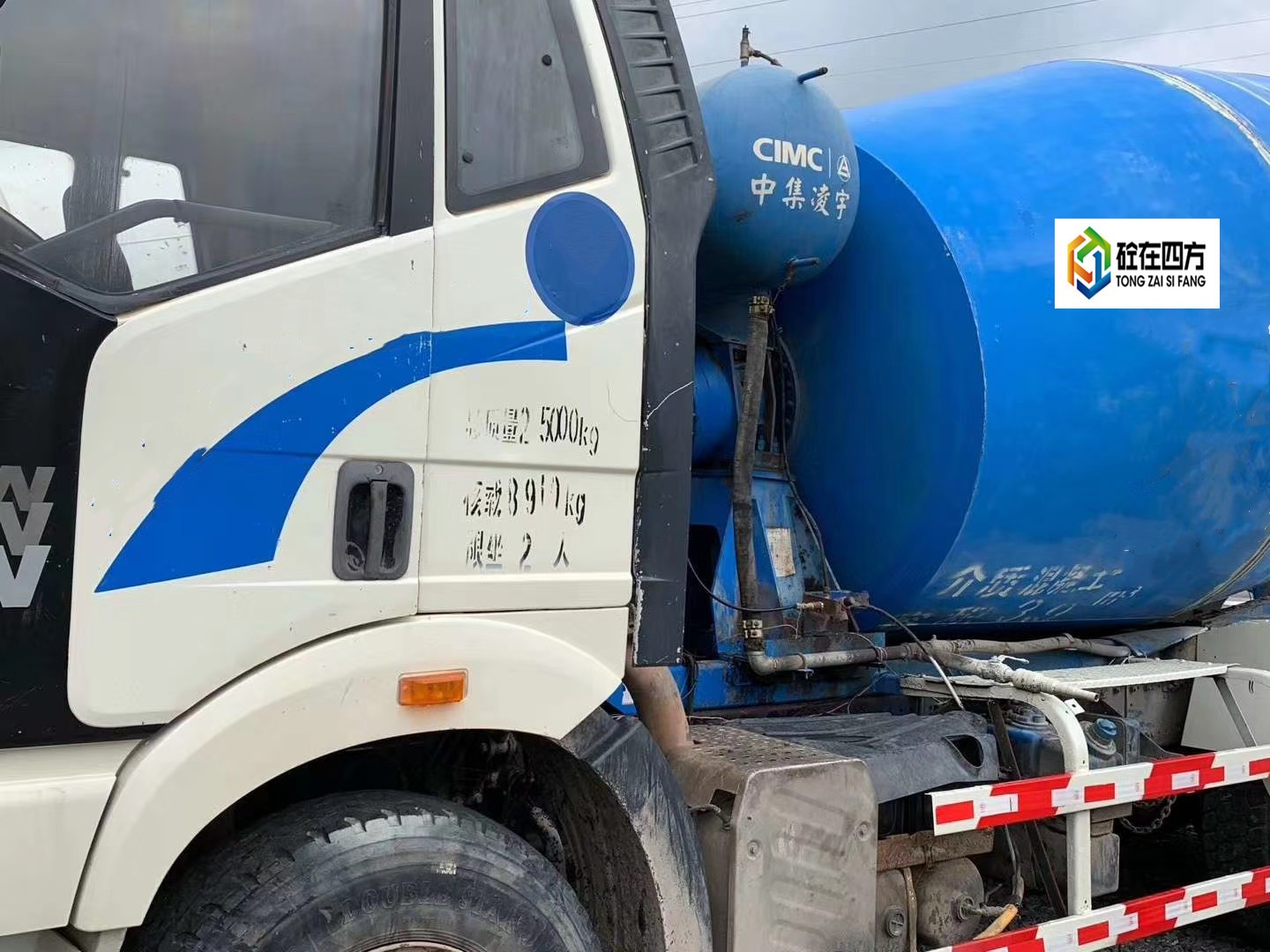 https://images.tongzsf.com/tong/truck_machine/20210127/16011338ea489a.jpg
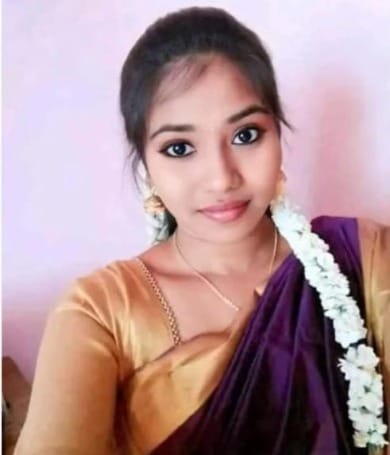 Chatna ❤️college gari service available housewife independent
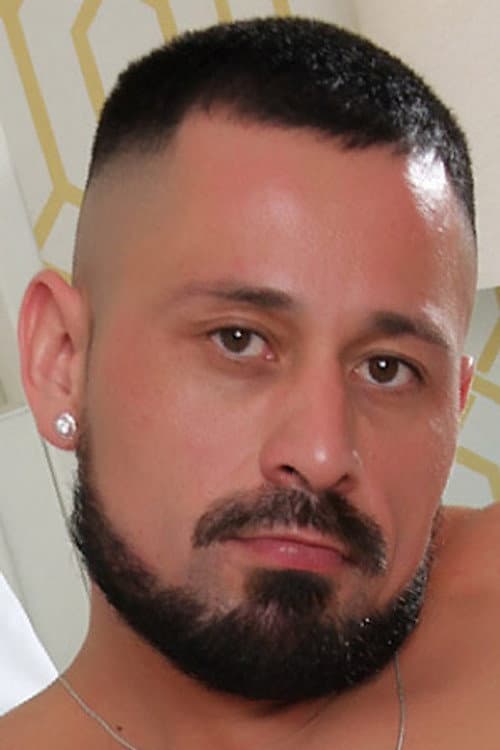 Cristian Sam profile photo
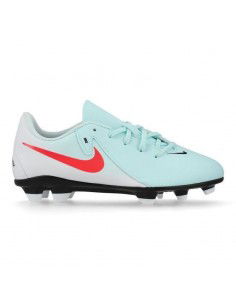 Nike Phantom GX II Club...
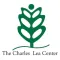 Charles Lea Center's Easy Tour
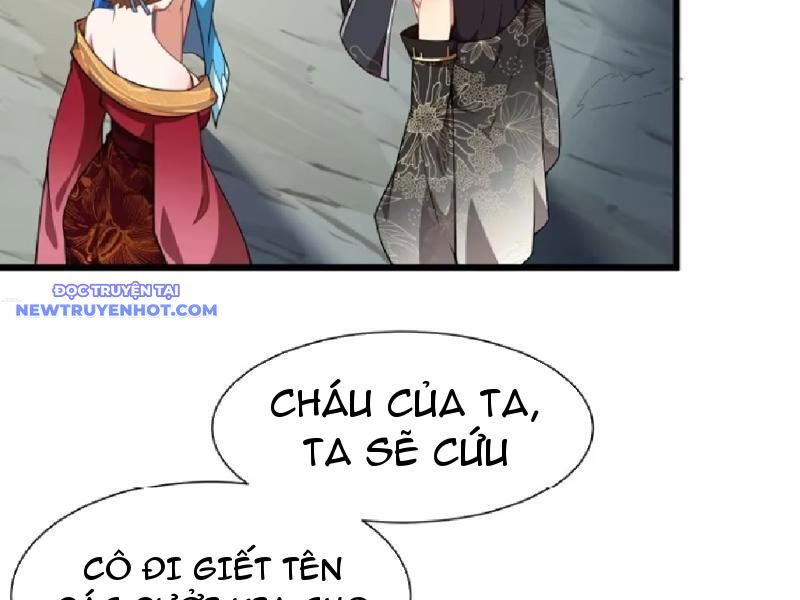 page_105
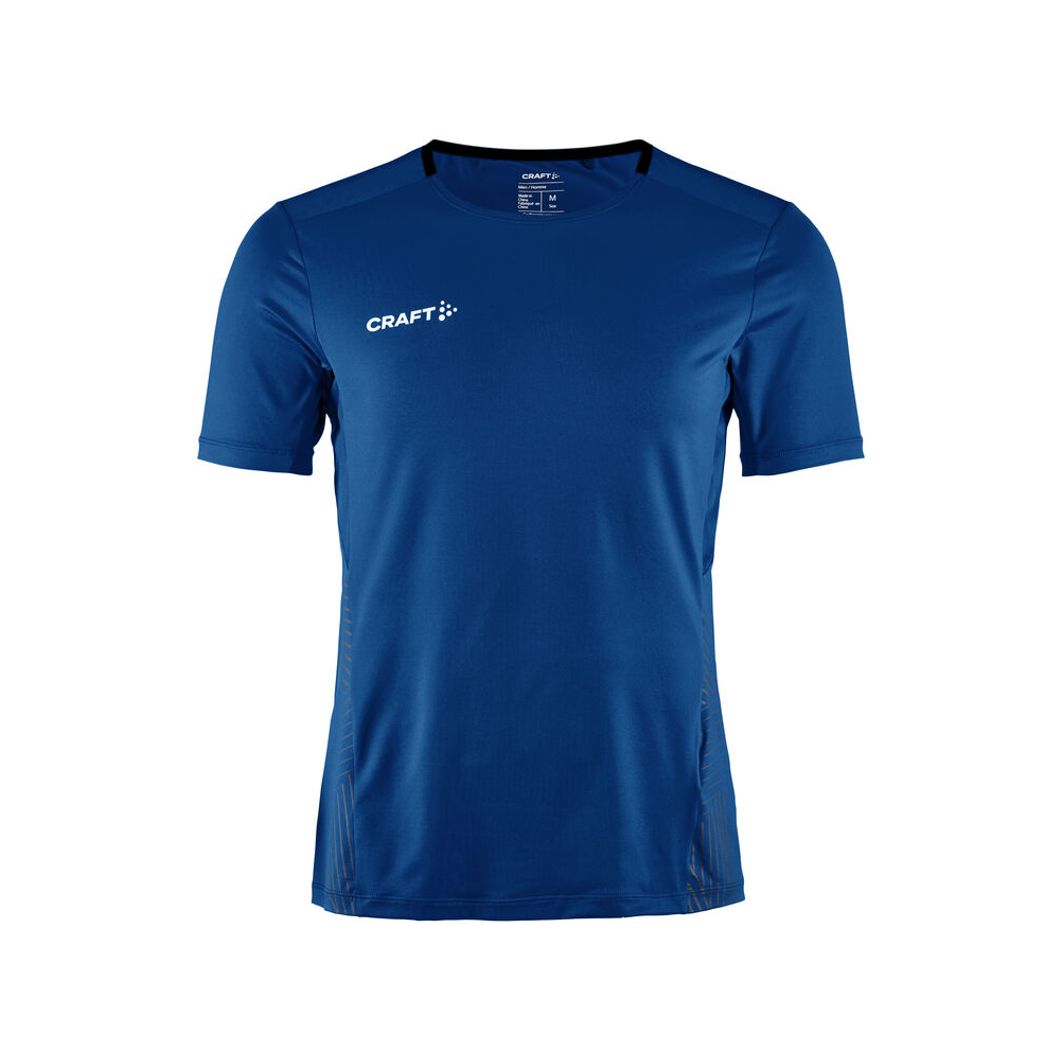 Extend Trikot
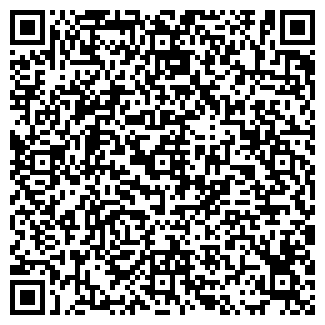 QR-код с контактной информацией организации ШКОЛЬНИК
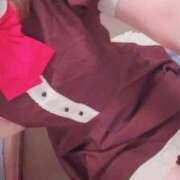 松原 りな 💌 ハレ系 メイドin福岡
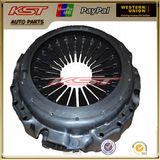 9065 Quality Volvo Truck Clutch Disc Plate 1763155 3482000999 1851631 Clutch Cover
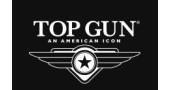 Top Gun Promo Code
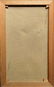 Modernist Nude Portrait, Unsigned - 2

********

Please copy every record above exactly, but leave the pictures out.

 https://images.tongzsf.com/tong/truck_machine/20210127/16011338ea489a.jpg
 Chatna ❤️college gari service available housewife independent
 Cristian Sam profile photo
 Nike Phantom GX II Club...
 Charles Lea Center's Easy Tour
 page_105
 Extend Trikot
 QR-код с контактной информацией организации ШКОЛЬНИК
 松原 りな 💌 ハレ系 メイドin福岡
 9065 Quality Volvo Truck Clutch Disc Plate 1763155 3482000999 1851631 Clutch Cover
 Top Gun Promo Code
 Modernist Nude Portrait, Unsigned - 2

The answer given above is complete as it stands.